Após as propriedades de pertinência, homogeneidade, exaustividade, saturação, amplitude e precisão serem satisfeitas (MORAES; GALIAZZI, 2006, 2007) com um mapa mental unificado (decorrente de vários mapas), foi possível compreender que existem conceitos principais e conceitos subordinados. Dentre esses, foi efetivada a separação pela perspectiva dos valores, como no Quadro 1:

Fonte: (CARDOSO, 2017) a partir das obras de Lacey listadas acima.

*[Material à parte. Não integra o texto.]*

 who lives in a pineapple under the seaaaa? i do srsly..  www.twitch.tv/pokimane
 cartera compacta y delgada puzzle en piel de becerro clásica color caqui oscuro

Quadro 1 Organização dos conceitos principais (em negrito), conceitos secundários e valores 

No topo do Quadro 1 está o conceito de bem-estar social, que pode estar voltado tanto para o bem-estar amplo, como para o bem-estar de uma parcela mínima da sociedade. Lacey problematiza o conceito de bem-estar dentro do fenômeno tecnocientífico, analisando os valores dentro e fora desse fenômeno. Há uma relação de dependência entre a perspectiva de valor adotada (conjunto de valores) e o bem-estar ligado à concepção de desenvolvimento de uma sociedade (também pode ser uma comunidades específicas e dependentes do contexto).

Pela abordagem do artigo, colocamos o desenvolvimento social como categoria mais ampla, que pode ser avaliada pela perspectiva de valor adotada por uma sociedade, comunidade, país ou tradição, em que possuem três categorias principais: entendimento científico, estratégia e produto tecnocientífico. As categorias secundárias, também, subordinadas à perspectiva de valor adotada caracterizam os conceitos principais, como será mostrado na sessão dedicada à associação entre Lacey e a educação CTS.

À seguir, expressaremos, brevemente, os conceitos principais para compreensão da associação a ser realizada. Detalhes referentes à objetividade mantida pelas citações diretas podem ser encontradas de forma mais robusta em Cardoso (2017).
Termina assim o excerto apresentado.